Sunday, 6 August 2017

No 2 - My Alma Mater. Rickmansworth Young Ladies College



My Alma Mater, Rickmansworth young Ladies College

I was telling Tamsin about my earliest memories. I recalled playing on a big rocking horse and of our ginger cat Monty that used to lie on the end of my bed. I asked Tamsin what were her earliest childhood memories.

Tamsin cannot help herself she always has to go one better. She thought about this for a moment then said it was leaving involuntarily from her mother’s uterus and seeing Auntie Elsie coochie-cooing and tickling her under her chin as her father endeavored to take a photo of her on his mobile phone just as they were about to cut her umbilical cord.

She said it all got a bit hazy after that. I know Tamsin is inclined to exaggerate but using one of father’s sayings “stuff me this surely has to take the cake”.

She told me that when she was young she remembers asking her mother where babies come from. Her mother told her they were found under gooseberry bushes. She said she accepted her answer without question despite crazy speculation by her primary school friends. Later she found to her horror her mother had been lying to her.

My parents sent me to a very exclusive girl’s boarding school, Rickmansworth Young Ladies College, also known as Denham Hall, for genteel young ladies.
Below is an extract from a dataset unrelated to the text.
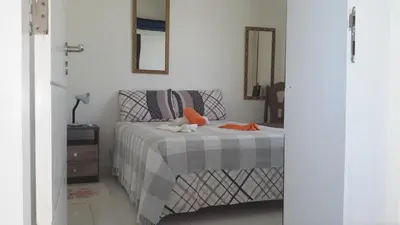 Uma cama ou camas num quarto em Apartamento 150m da praia de Canoa Quebrada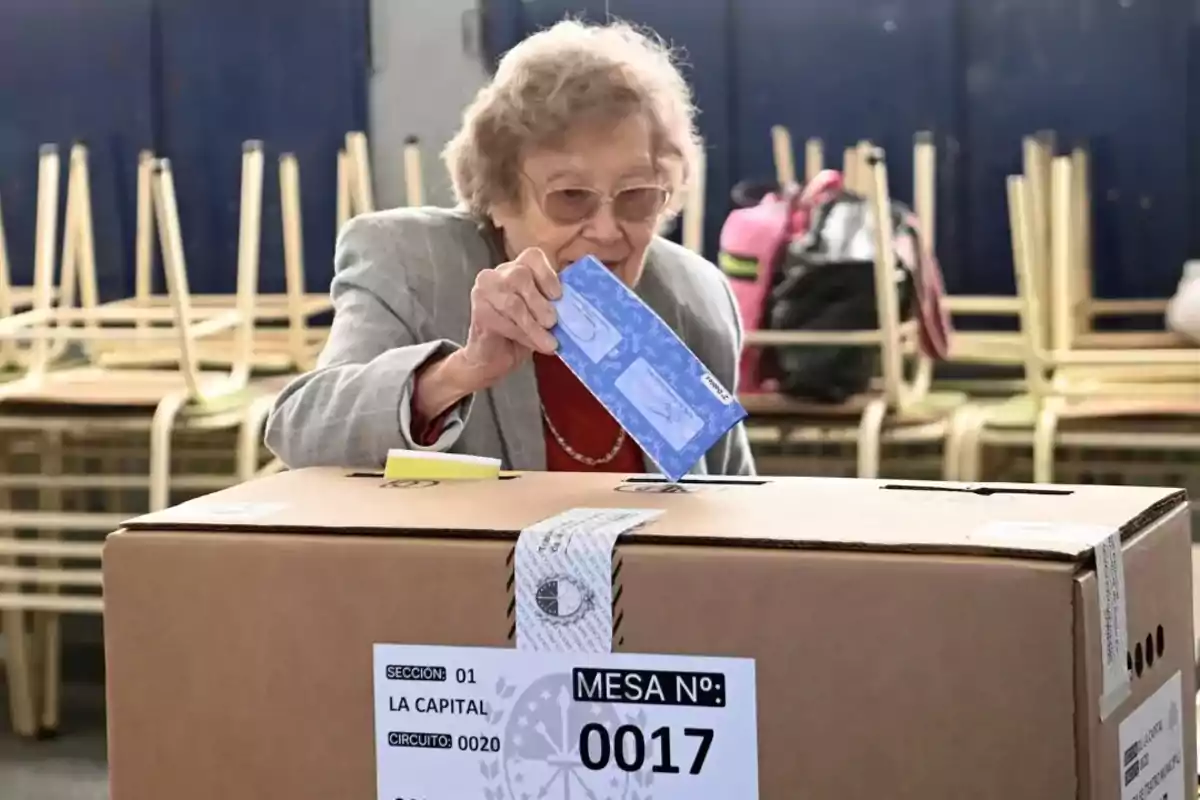 Elderly woman casting her vote in a ballot box during an election day in a classroom with stacked chairs in the background Elderly woman casting her vote in a ballot box during an election day in a classroom with stacked chairs in the background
One term school term fees would have armed a third world country for years or fed a child from Biafra for hundreds of years, probably more, and possibly got a space programme off the ground for them.

A chance remark by an internet acquaintance of mine reminded me of an incident at school.

I was approached by Miss Frenzi the school sports teacher and asked if I would like to join the senior netball team.

She asked “what position on the court would you like to be trialled?”

I replied “well, preferably in goal miss”.

She inquired “do you know much about netball Bridgette?”

I replied “Well frankly not a lot”.

She never got back to me.

I buried Charmaine one of our chickens the other day. She had been egg bound. Her spirit moved on and she was consigned to the cold, cold ground.

I advanced the hypothesis to mother that it is possible that the sudden demise of Charmaine must have caught the attention of the other chickens and would have been the focus of much discussion. We as humans think we are the centre of the universe. We are so puffed up with our own importance we fail to see the broader picture.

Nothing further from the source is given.